Former NY Regulator: Crypto Isn't the Reason Why Signature Bank Was Closed
The bank did not provide reliable and consistent data, said Maria Vullo, a former superintendent of the New York State Department of Financial Services.
New York State regulators did not shut down Signature Bank (SBNY) because of the firm’s crypto clients, said Maria Vullo, a former superintendent at the New York State Department of Financial Services (NYDFS).
The decision was “based upon whatever the data was with respect to the withdrawals by customers,” Vullo told CoinDesk TV’s “First Mover” on Friday.
On Sunday, New York-based Signature Bank closed its doors following action by state regulators in what appeared to be a preventive measure to reduce further contagion following the collapse of Silicon Valley Bank (SVB).

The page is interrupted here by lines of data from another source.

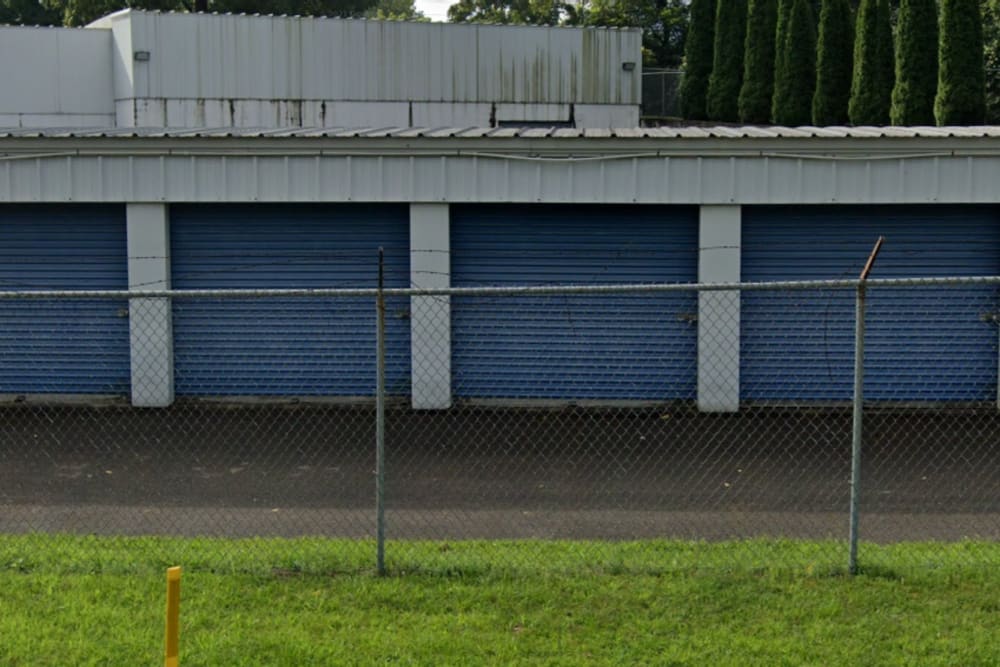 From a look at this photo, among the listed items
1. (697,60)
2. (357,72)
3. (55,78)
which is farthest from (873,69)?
(55,78)

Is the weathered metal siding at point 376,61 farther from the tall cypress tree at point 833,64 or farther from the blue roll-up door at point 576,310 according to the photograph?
the blue roll-up door at point 576,310

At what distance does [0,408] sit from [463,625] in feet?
32.1

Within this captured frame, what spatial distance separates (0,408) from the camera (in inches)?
583

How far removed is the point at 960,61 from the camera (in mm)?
23906

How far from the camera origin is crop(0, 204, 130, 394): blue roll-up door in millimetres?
15141

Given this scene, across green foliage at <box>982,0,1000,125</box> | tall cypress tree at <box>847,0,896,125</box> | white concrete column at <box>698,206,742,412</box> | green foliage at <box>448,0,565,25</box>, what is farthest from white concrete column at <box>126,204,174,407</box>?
green foliage at <box>448,0,565,25</box>

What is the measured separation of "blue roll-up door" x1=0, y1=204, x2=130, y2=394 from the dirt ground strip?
0.51 meters

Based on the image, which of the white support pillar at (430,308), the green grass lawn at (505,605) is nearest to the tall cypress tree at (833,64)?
the white support pillar at (430,308)

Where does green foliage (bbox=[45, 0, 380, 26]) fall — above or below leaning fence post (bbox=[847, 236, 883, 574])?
above

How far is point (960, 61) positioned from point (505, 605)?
20.0 m

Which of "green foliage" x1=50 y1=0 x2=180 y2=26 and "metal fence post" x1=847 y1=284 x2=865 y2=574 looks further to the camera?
"green foliage" x1=50 y1=0 x2=180 y2=26

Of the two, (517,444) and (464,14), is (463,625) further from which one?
(464,14)

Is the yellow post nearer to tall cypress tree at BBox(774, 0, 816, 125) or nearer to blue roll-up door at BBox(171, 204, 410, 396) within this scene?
blue roll-up door at BBox(171, 204, 410, 396)

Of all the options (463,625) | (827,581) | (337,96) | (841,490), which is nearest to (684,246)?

A joint statement by the Federal Reserve, Federal Depository Insurance Corporation (FDIC) and the U.S. Treasury Department said depositors at Signature Bank would be made whole.
According to Vullo, echoing recent comments by current Superintendent Adrienne Harris, Signature Bank did not provide reliable and consistent data, creating a significant crisis of confidence in the bank’s leadership.
“I don't think you close down a bank because of a policy reason, you do because its risk management or its financial picture is unsafe and unsound,” said Vullo, who served as NYDFS superintendent from 2016 to February 2019.
She said Signature Bank “may have also suffered the consequences of contagion risks” that were ongoing following the closure of SVB just days earlier.
Nonetheless, the timing by regulators is significant, Vullo said. By quickly dealing with SVB and Signature, bank regulators were able to “send a very strong message to the public that the system is OK and that we're going to take care of depositors,” she said.
The latter was important, Vullo said, because it gave depositors a reason “to not pull out their money from other banks.”